NEST EGG appears every Tuesday in the Meath Chronicle

Just stick to these three basic rules and you’ll get rich slowly

I was at a conference last week and the guest speaker was a well published author on the topic of Behavioural Science. Wait! Don’t swipe me away just yet – this is an extremely interesting topic that effects all of us and I’ve no doubt will save you money if you’re a saver or investor. 
Behavioural Finance or Behavioural Economics is defined as “a method of economic analysis that applies psychological insights into human behaviour to explain economic decision-making”. Stay with me. You’ve probably come across the terms “herd mentality” or “peer pressure”. This became evident and probably peaked all around us in Irish society about 10 years ago just before the financial crisis.

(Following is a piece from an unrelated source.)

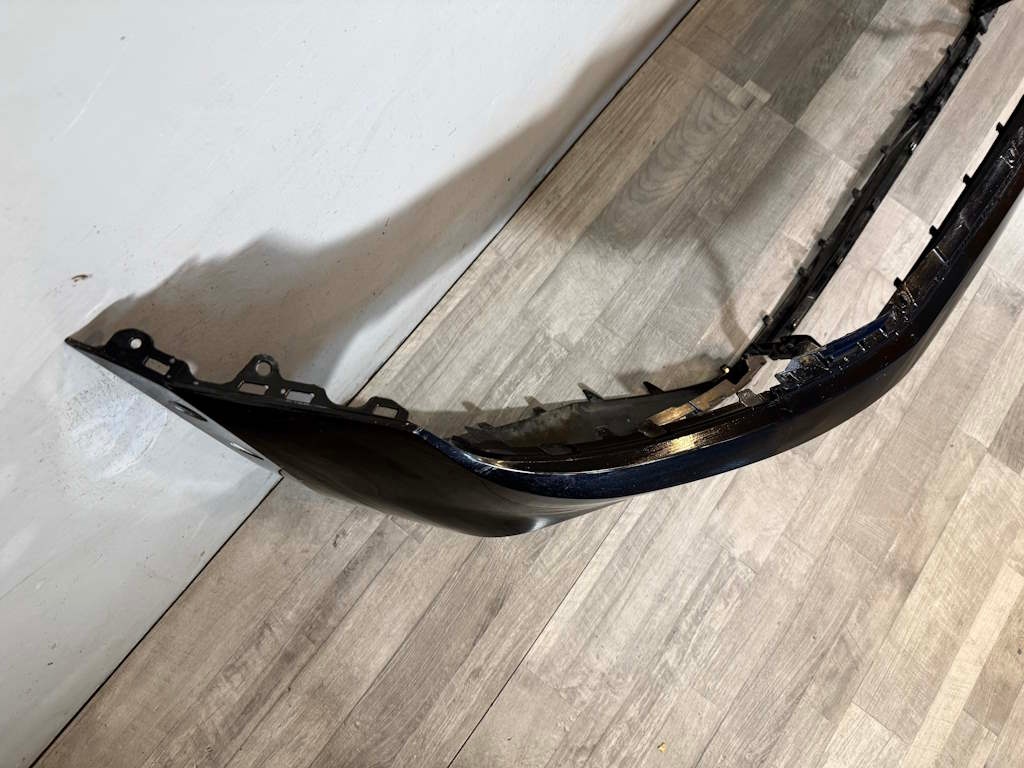 VW PASSAT B8 LIFT nárazník R-LINE 6xPDC 3G0807221G POŠKOZENÝ - 6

Remember the pub stories back then where it seemed like everyone around you had just updated their car, had a second property rented out and were taking about 3 holidays each year? The size of your mortgage became a badge of honour and you had decided to buy heaps more bank shares because your bank manager told you nothing could go wrong. This was the Irish version of herd mentality and in basic terms it’s when people feel no fear, stop doing their homework on anything they invest in and believe just about everything they hear. Believe me it does take a very strong-willed person to go against the herd and you will usually look like a fool in the middle of the madness until eventually you may be proved right.
Apologies if I brought back any painful memories there while I painted that picture but following the crowd is never a sound investment or saving strategy. Just because everyone else is doing something doesn’t make it the correct course of action. Actually, without a shadow of a doubt one of the most opportune times to invest in my generation was just after March 2009 when Lehman’s and Bear Sterns banks had collapsed in the US and the financial crisis was at it’s worst. Most global stock markets have more than doubled since then and so too have many other assets such as property. Yet back in mid-2009 if you’d suggested to most people that now was an ideal time to put your money to work you would have been marched off to the asylum. 
So, I listened closely to my behavioural economist last week closely as he stated the 3 basic rules to follow to long term wealth, while making sure you completely ignore what the herd are up to. 
 

Rule 1 – Realise that you must put your money to work to generate a return. Leaving your money on deposit or in a low yield environment will not generate a return in the long run. There are various levels of risk so you just choose the one that most suits you and then put your money to work.
 

Rule 2 – Realise that any single asset or investment that you put your money into can go to zero and stay there! The lesson here is simply to diversify and not invest your pot in only one thing, i.e. not all your eggs in one basket.
 

Rule 3 – Once you’ve made your investments (with professional advice of course) then just leave it alone and don’t tinker with it. In other words, stop trying to think you know better than compound interest and can predict what will happen next, just look away and let your money go to work.
The rules seem simple but over the long term they absolutely work, regardless of the size of the pot of money. Investing is simpler than you may think but you do need to start out with a plan and, more importantly, stick to it.